1240 – Peter Neilson
At 1240 I'll be trying to get my head around issues concerning the emissions trading scheme, or ETS, that has been in the news the last couple of days. Basically, the scheme involves setting a carbon emissions cap on what industry can get away with. If they go over the cap, they have to buy credits from companies who have remained under their cap. Thus a market is born which provides financial incentive for those who emit less than they should. Ok, right. But this week the government announced it will postpone the inclusion on transport fuels – or petrol – by 2 years. Peter Nielson from the NZ business council for sustainable development says all this does is transfer the cost of emissions, as set out under the Kyoto treaty, from those who are emitting to the taxpayer. And thus, the size of our tax cuts is reduced. It's horrendously difficult to grasp, so hopefully we can make some sense of why the government has done this.
1300 – Rodney Hide
Then at one, our Wire coverage of the minor parties vying for your vote in this year's election continues.
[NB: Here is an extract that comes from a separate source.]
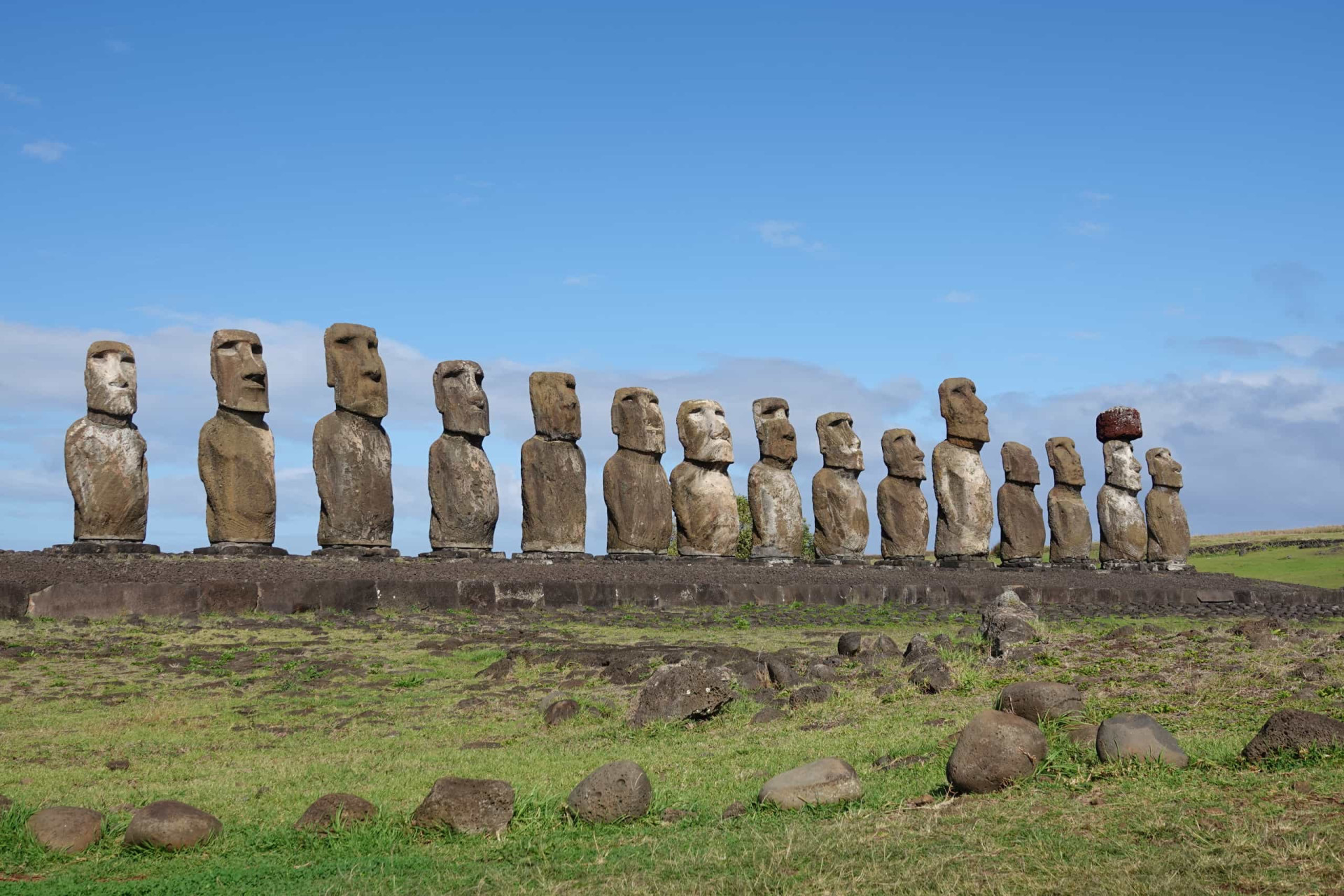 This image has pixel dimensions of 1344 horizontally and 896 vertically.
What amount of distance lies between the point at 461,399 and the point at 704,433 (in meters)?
4.35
Today I'll be speaking with Epsom MP, and leader of the Act party Rodney Hide. With his party polling lower than ever, there's the very real possibility that Rodney might lose his green leather seat in Parliament – as well as that of Heather Roy, a list MP for the party. With National looking increasingly centre-left, and ruling out working with the prodigal Act son Sir Roger Douglas, I wonder if there's any room for Rodney and his band of merry libertarians this year.
1320 – Conterclockwise
Then at twenty past, the always-reliable Selwyn Mannig from scoop will be taking both myself and Rodney to task for how the interview went down. Yup, post-interview analysis right here on the Wire.
1340 – Book She Read
And to end the show today, Sally will be back in the studio for semi-regular Wednesday Wire feature Book She Read. Today we'll be playing an interview she did a couple of weeks ago with renowned NZ children's author Tessa Duder – who wrote such classics as the Alex series and Night Race To Kawau. They talk about the enduring themes of these books, and Tessa's first foray into the world of adult fiction with her new collection of stories "Is She Still Alive?". And if there's time, we might also take a quick look at whatever Sally's been reading lately.